**Exercise goal**. Scan the listing and copy each line where the word "isolated" is present.

-*-*-

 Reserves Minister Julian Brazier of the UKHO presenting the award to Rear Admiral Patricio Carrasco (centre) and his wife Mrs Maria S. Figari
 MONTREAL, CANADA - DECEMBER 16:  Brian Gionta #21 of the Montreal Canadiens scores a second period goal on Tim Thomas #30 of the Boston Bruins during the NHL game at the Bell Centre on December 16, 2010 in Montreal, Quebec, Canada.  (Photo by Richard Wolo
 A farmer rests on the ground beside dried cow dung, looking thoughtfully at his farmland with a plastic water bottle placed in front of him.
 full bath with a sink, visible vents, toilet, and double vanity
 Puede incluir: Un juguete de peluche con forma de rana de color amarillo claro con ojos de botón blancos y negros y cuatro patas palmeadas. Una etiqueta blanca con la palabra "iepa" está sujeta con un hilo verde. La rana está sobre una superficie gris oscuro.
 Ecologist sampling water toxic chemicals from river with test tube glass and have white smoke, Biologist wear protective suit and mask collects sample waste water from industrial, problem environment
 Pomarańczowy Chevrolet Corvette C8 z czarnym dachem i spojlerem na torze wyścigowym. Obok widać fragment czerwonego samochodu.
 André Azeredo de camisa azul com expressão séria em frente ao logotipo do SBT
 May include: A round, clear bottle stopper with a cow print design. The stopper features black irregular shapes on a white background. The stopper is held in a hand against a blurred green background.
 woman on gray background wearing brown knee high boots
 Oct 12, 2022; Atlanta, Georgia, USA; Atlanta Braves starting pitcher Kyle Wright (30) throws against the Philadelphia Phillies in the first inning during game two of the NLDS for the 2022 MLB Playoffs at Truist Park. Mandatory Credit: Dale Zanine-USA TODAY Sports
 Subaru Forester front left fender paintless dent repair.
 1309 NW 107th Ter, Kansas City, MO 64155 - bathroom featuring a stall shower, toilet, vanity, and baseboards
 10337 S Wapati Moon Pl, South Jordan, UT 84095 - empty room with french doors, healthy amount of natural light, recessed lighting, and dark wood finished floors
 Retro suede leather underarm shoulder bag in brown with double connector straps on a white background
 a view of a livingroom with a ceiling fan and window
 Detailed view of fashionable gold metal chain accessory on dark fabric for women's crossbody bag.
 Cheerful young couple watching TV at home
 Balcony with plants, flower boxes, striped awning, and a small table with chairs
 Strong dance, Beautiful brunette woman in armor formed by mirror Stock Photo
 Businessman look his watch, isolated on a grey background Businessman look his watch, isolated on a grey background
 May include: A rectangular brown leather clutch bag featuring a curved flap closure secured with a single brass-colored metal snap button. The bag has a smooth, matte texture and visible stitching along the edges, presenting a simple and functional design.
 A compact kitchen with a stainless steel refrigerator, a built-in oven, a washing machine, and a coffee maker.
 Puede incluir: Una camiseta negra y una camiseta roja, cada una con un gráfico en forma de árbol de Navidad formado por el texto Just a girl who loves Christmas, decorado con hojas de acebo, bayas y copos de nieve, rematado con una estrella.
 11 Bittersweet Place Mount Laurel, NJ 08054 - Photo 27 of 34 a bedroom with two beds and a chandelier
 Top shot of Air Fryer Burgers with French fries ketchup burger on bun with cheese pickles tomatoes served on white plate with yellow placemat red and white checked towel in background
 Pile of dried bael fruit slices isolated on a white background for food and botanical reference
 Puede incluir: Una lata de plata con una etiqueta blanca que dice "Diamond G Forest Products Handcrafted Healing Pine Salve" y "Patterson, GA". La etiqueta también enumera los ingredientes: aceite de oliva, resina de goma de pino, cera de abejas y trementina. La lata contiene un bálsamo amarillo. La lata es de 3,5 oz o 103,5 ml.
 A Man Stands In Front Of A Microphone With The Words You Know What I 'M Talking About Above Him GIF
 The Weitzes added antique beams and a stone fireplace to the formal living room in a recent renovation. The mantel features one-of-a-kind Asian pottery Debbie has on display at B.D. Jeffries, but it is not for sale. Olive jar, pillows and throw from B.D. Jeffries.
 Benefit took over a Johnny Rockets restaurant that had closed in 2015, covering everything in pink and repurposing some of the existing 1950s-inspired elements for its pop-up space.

-*-*-

**Result**.
 Businessman look his watch, isolated on a grey background Businessman look his watch, isolated on a grey background
 Pile of dried bael fruit slices isolated on a white background for food and botanical reference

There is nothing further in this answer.